Este desenvolvimento está alinhado com as declarações pós-eleitorais do presidente dos EUA, Donald Trump, indicando a intenção de seu governo de reconhecer a Somalilândia, uma medida enquadrada por seus assessores próximos como vantajosa para as operações de inteligência dos EUA na região. Estas incluem o monitoramento da atividade naval alinhada à Ansarallah, o fluxo de armas através do Bab al-Mandab e a logística chinesa.

Contrapesos do eixo de resistência

Sanaa tornou-se um ator decisivo nesta disputa emergente. Como a única força que desafia diretamente a presença militar dos EUA e os interesses israelenses no Mar Vermelho, o governo liderado por Ansarallah se afirmou tanto como uma autoridade soberana de resistência quanto como um contrapeso estratégico indireto alinhado aos interesses de Pequim. Pequim tem evitado até agora uma resposta aberta ao acordo Taiwan-Somalilândia, mas ações futuras podem muito bem incluir apoio a contramedidas canalizadas por Sanaa ou outros parceiros aliados.

A China ainda não concedeu reconhecimento formal a Sanaa, mas manteve canais abertos com a liderança da Ansarallah, recebendo uma delegação da Ansarallah já em 2016 e explorando vias limitadas de coordenação. Esse ato de equilíbrio permite que Pequim proteja seus corredores marítimos sem entrar em conflito aberto com os parceiros regionais de Washington, mas deixa em aberto a possibilidade de uma mudança em direção ao reconhecimento caso a pressão dos EUA se intensifique.

Para Washington, o pacto é mais uma tentativa de usar entidades não reconhecidas e zonas disputadas como ferramentas para minar a influência chinesa e multipolar. No entanto, essa abordagem está repleta de riscos. O Golfo de Áden já é um barril de pólvora, e esses novos alinhamentos podem desencadear respostas regionais que escapam ao controle dos EUA.

Eixo EUA-Israel-Emirados Árabes Unidos

Taiwan não é o único ator alinhado aos EUA a se infiltrar na Somalilândia. Os Emirados Árabes Unidos, apoiadores de longa data das autoridades de Hargeisa, estão negociando um acordo militar para conceder a Tel Aviv uma base na Somalilândia em troca de reconhecimento formal. A medida busca flanquear Sanaa, garantindo uma posição em frente à costa ocidental do Iêmen, perto do ponto de estrangulamento do Mar Vermelho.

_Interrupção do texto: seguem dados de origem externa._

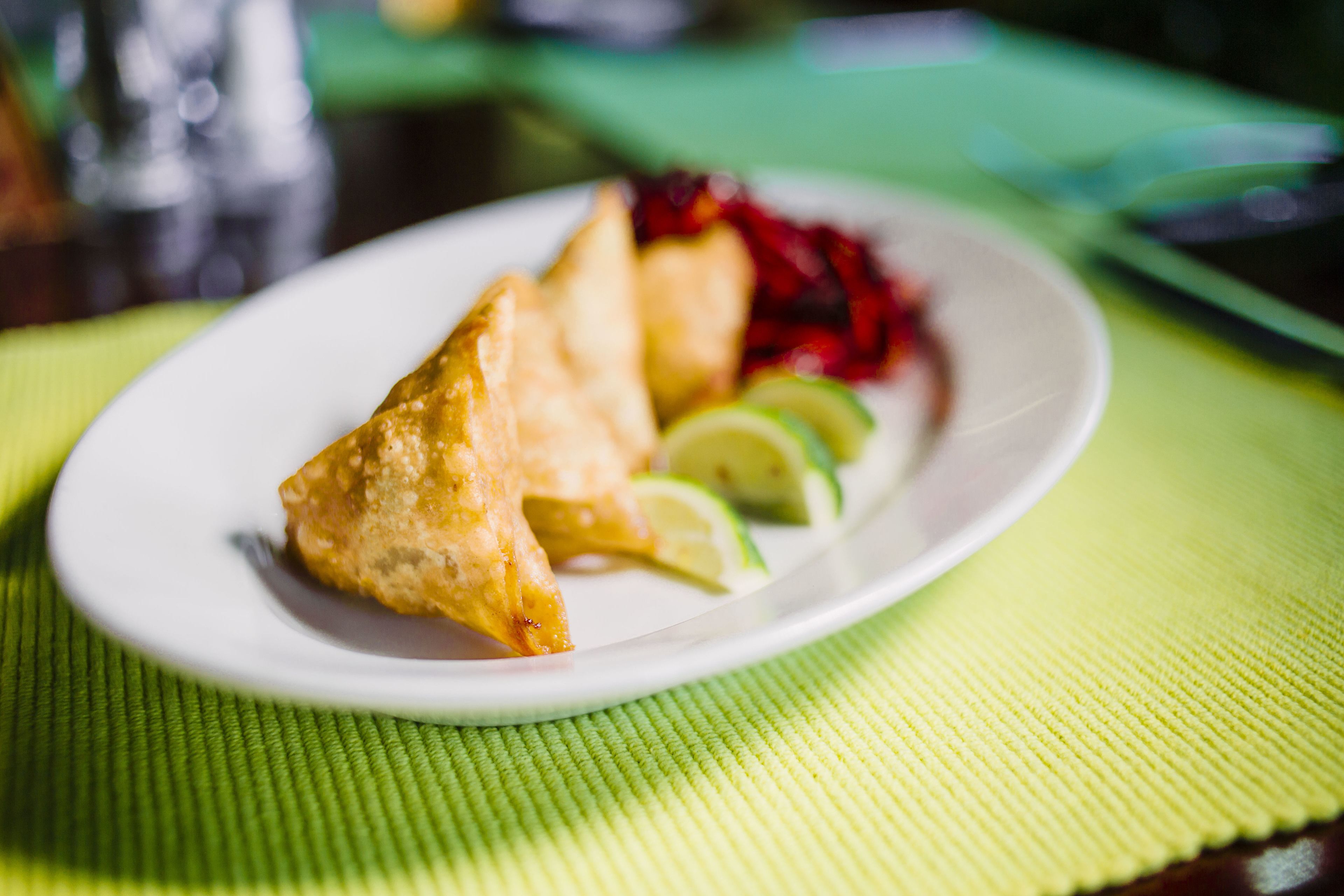 Um prato com um samosa, fatias de limão e um acompanhamento de beterraba em um prato branco.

Israel, que já opera uma unidade de inteligência conjunta com os Emirados Árabes Unidos na ilha de Socotorá, no Iêmen, agora planeja que sua base na Somalilândia fique ao lado da presença de Taiwan, sob a mesma estrutura de segurança dos EUA. Ao mesmo tempo, a expansão da presença de Abu Dhabi também visa combater as ambições de segurança militar da Turquia na Somália, com as quais tem entrado em conflito repetidamente.

O que emerge é uma densa rede de alinhamentos: um bloco liderado pelos EUA, composto por Taiwan, Israel, Emirados Árabes Unidos e Somalilândia, posicionado contra interesses chineses, turcos e apoiados pelo Ansarallah. A Somalilândia, antes um ator periférico, tornou-se palco de confrontos indiretos, com seu status não reconhecido sendo explorado para remodelar o equilíbrio de poder da região.

As consequências se estenderão muito além do Chifre da África. Com Taiwan atuando como uma cunha no Mar Vermelho e atores da resistência como Sanaa defendendo linhas marítimas contra a invasão ocidental, o pacto Taiwan-Somalilândia pode muito bem marcar a salva de abertura de uma nova fase de realinhamento multipolar, que conectará as costas da África ao coração da frente de resistência da Ásia Ocidental.